Generally speaking, the best way to make a good impression is to not try to make one.  I've seen guys try to impress a girl.  They look just like guys trying to impress a girl.  They are affectionately referred to as stud-puppets and are often the subjects of feminine mocking. 

Stud-puppets are guys who suddenly change their walk and talk when they are in the "impress" mode.  They see a girl and presto, they change into stud-puppets manipulated by their own "need to impress."  For example:

I can remember once being in a weight room during my more zealous youthful exuberance of physical self improvement.  In walked a babe.  I went straight over to the barbell rack, yanked a huge 40 pounder over my head, put it down, and then headed straight for men's locker room, where I yelled and then cried like a baby.  After the tears stopped, I headed out to the whirlpool where my mangled muscles could mend.  A week later, I was back for more and passed by the same babette.  As I glanced her way I noticed she was looking at me.  I stuck out my chest, sucked in my gut, pretended I was coordinated, and strutted over to another set of weights -- all the while glancing at myself in the mirror.  That is when I tripped over the strategically placed five pound weight on the floor. 

Crashing to the carpet in a complex series of acrobatic twists and turns aided by a complete loss of motor control and illustrated appropriately with a host of grunting noises is bad enough.  But when you are trying to impress a beautiful girl and the only thing happening is that your face is meshing with a rack of weights, all hope of making a good impression is permanently gone.  

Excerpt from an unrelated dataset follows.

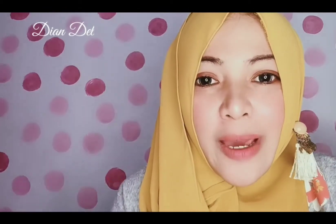Kalian jangan lupa komen, like, share, and subscribe channel Diandel. Thank you, sampai ketemu di video selanjutnya ya, dadah!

So, you see, don't try to impress a girl.  Just be yourself.  Don't be a stud puppet and make google eyes.  Don't lick your lips and don't whistle.  Don't walk around with expanded chest and studly gate.  Just be a human.  Be patient.  Wait for the right opportunity to introduce yourself.  In fact, wait until some other stud-puppet has made a fool of himself and then you quickly introduce yourself.  That way, you will look a lot better.  It works.